Embedded UI/UX & Motion Design
Steininger M.POD
Designed a touch interface for a 32" smart kitchen surface, built to survive oil, water, and dust.
- Role
- Designed the M.POD touch interface; ran the UX research and worked directly with engineering to design around the hardware.
- Outcome
- Shipped in Steininger's FOLD kitchen, which won the Red Dot (2019), German Design Award and Iconic Award (2020), and is still part of the luxury collection today.
Context
The M.POD is a 32-inch touchscreen work surface built into luxury kitchens by Austrian designer Martin Steininger. It controls smart home functions, recipes, entertainment and more, all from a single glass surface flush with the countertop.
The challenge
This wasn’t a phone or a tablet. It was an Android-powered computer living inside a kitchen, and everything we knew about touch interfaces had to be questioned. We started with UX research to understand what people actually need from a computer while cooking, not what we assumed they needed. What came back shaped everything: simpler flows, larger touch targets, a completely different interaction model.
Then came the physical reality. Dust, oil, water and heat all affect how a finger registers on glass. We worked directly with the engineering team to understand the hardware’s limits and design around them, testing and iterating until the interface was reliable under real kitchen conditions.
The trade-off
A kitchen surface isn’t a phone, and oil, water, heat and dust all change how a finger registers on glass.
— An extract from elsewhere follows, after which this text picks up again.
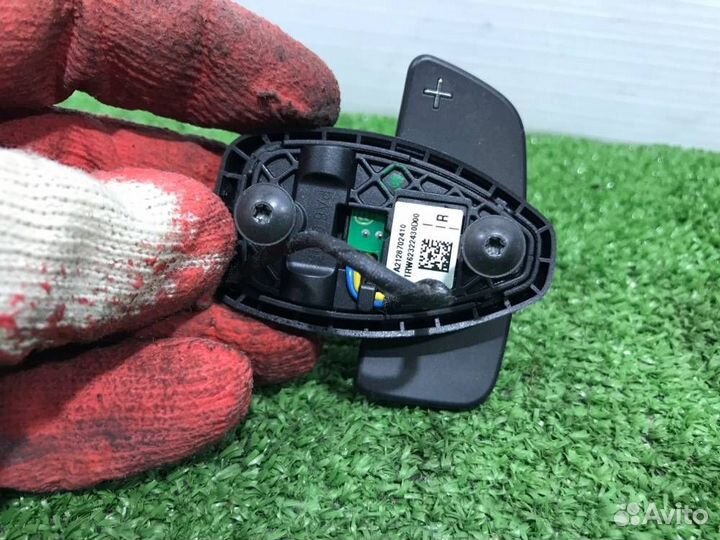 Кнопка руля правая Mercedes-Benz E-350 W212 272980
The safe move was to port familiar touch patterns; instead I threw them out and designed around the hardware’s real limits, simpler flows, larger targets, a different interaction model, trading convention for an interface that actually held up under real kitchen conditions.
The result
A UI that feels at home in one of Austria’s most premium kitchen brands. The M.POD shipped as a flagship product and is still part of Steininger’s luxury collection today. The FOLD kitchen it features in went on to win the Red Dot Award (2019) and both the German Design Award and Iconic Award (2020). A product where the software is as considered as the hardware it runs on.